--- Data shown ---
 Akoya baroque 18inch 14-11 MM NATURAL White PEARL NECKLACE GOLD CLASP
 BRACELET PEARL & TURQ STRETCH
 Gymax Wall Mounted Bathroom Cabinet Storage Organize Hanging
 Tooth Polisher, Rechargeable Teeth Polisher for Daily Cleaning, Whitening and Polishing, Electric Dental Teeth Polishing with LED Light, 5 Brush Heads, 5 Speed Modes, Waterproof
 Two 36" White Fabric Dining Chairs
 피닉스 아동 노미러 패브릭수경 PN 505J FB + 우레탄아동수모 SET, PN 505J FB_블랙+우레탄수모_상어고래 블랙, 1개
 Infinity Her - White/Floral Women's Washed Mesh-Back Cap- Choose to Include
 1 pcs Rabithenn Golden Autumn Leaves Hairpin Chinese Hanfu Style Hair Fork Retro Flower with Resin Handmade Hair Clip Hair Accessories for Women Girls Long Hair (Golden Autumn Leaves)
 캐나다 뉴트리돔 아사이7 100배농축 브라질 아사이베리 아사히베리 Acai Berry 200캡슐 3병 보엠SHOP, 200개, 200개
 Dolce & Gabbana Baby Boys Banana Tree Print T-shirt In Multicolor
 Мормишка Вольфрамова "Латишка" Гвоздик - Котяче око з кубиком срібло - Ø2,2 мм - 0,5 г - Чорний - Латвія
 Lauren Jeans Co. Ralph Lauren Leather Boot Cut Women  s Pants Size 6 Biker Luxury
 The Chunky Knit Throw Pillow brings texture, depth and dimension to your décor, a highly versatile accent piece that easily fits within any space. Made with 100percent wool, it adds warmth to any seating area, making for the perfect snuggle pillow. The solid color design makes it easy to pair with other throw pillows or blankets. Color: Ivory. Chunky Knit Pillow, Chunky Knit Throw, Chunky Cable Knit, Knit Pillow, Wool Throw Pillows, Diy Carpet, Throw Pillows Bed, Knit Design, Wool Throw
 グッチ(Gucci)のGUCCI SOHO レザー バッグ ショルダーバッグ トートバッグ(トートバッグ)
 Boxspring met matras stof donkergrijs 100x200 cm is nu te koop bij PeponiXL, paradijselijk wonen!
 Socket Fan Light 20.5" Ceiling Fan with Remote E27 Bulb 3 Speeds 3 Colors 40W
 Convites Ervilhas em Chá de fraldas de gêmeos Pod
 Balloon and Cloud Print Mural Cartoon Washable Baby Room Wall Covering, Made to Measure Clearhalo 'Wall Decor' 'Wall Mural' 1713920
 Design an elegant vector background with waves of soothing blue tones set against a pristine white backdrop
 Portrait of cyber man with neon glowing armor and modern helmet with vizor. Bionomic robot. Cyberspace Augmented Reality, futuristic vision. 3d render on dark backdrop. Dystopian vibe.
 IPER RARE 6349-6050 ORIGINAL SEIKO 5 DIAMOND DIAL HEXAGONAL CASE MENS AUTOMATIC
---
**Exercise directions**
Starting with the line that contains "Чорний - Латвія", print each line through the last one in the listing. Include both end lines and add nothing.

**Response to this exercise**
 Мормишка Вольфрамова "Латишка" Гвоздик - Котяче око з кубиком срібло - Ø2,2 мм - 0,5 г - Чорний - Латвія
 Lauren Jeans Co. Ralph Lauren Leather Boot Cut Women  s Pants Size 6 Biker Luxury
 The Chunky Knit Throw Pillow brings texture, depth and dimension to your décor, a highly versatile accent piece that easily fits within any space. Made with 100percent wool, it adds warmth to any seating area, making for the perfect snuggle pillow. The solid color design makes it easy to pair with other throw pillows or blankets. Color: Ivory. Chunky Knit Pillow, Chunky Knit Throw, Chunky Cable Knit, Knit Pillow, Wool Throw Pillows, Diy Carpet, Throw Pillows Bed, Knit Design, Wool Throw
 グッチ(Gucci)のGUCCI SOHO レザー バッグ ショルダーバッグ トートバッグ(トートバッグ)
 Boxspring met matras stof donkergrijs 100x200 cm is nu te koop bij PeponiXL, paradijselijk wonen!
 Socket Fan Light 20.5" Ceiling Fan with Remote E27 Bulb 3 Speeds 3 Colors 40W
 Convites Ervilhas em Chá de fraldas de gêmeos Pod
 Balloon and Cloud Print Mural Cartoon Washable Baby Room Wall Covering, Made to Measure Clearhalo 'Wall Decor' 'Wall Mural' 1713920
 Design an elegant vector background with waves of soothing blue tones set against a pristine white backdrop
 Portrait of cyber man with neon glowing armor and modern helmet with vizor. Bionomic robot. Cyberspace Augmented Reality, futuristic vision. 3d render on dark backdrop. Dystopian vibe.
 IPER RARE 6349-6050 ORIGINAL SEIKO 5 DIAMOND DIAL HEXAGONAL CASE MENS AUTOMATIC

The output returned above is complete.